Clearly, something terrible is going on across our Nation and, sadly, Roanoke is not exempt from this trend as we have seen higher numbers of gun-related woundings and homicides in the past two years when compared to previous years.
As noted at the beginning of this post, gun violence will not be solved by law enforcement nor will it be solved overnight. There is, obviously, a vital role for law enforcement and for the City government in addressing gun violence, both in the immediate timeframe and over the long-term. The answer most often put forth is “hire more police” or “put more police on the street.” It is important to note that though the number of officers in our police force, which remains the largest in Virginia west of Richmond has, as nearly everywhere else in the Nation and Virginia, lowered due to resignations and low recruit numbers, the number of officers on the streets each shift has not diminished. Indeed, in many instances the numbers have actually increased for targeted patrols and special units.
Hiring police officers is a complicated undertaking. One does not just “hire” an officer, rather in most cases officers are recruited to join the Police Academy and only after months of training are they added to the ranks. The City has attempted to address these issues by establishing signing bonuses for certified officers willing to join us from another jurisdiction, and by increasing pay for all officers – raising starting pay by more than 10%. Retention bonuses have been included in this year’s budget for current officers, on top of two similar bonuses issued last year. The City Council approved, with this year’s budget, over one and one-half million dollars in salary increases for police officers that will be increased further over the next two years, resulting in pay increases over a three-year-period of as much as 26%. It is hoped these efforts will aid with retention and recruitment of officers.
Within the Police Department, the Police Chief has realigned his officers to place a greater emphasis on addressing gun violence, especially that perpetrated by gang activities and known offenders.
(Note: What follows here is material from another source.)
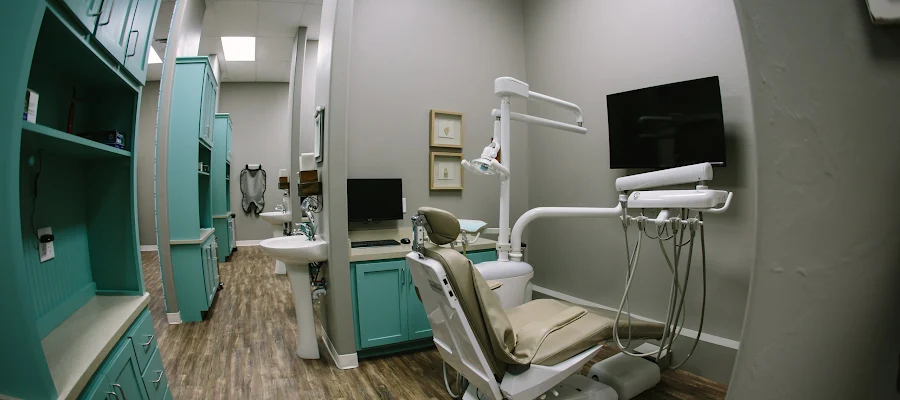 Dental Edge of Norman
This has included the formation of a gang unit, increased use of intelligence and data gathering, and renewed partnerships with various state and federal law enforcement agencies. These efforts enable the police to focus on locations experiencing the highest incidences of gun violence and on those most likely to be perpetrators or victims of gun violence. As recently as this weekend, these efforts have led to arrests of individuals with outstanding warrants and recently involved in local criminal activities.
Further, the Police Department has instituted use of a coordinator that visits locations where acts of gun violence have occurred. This RESET Coordinator and a team of volunteers meet with individuals and neighbors to assure them the City is doing what it can to slow the increase in violence, to connect them to resources, and to interrupt the response toward retribution toward known or perceived perpetrators. Most recently, the City has entered into a collaboration with Blue Ridge Behavioral Healthcare to provide a co-response in instances where police have been called to respond to individuals experiencing a mental health challenge. Officers will be accompanied by trained mental health professionals in an effort to de-escalate situations and avoid harm.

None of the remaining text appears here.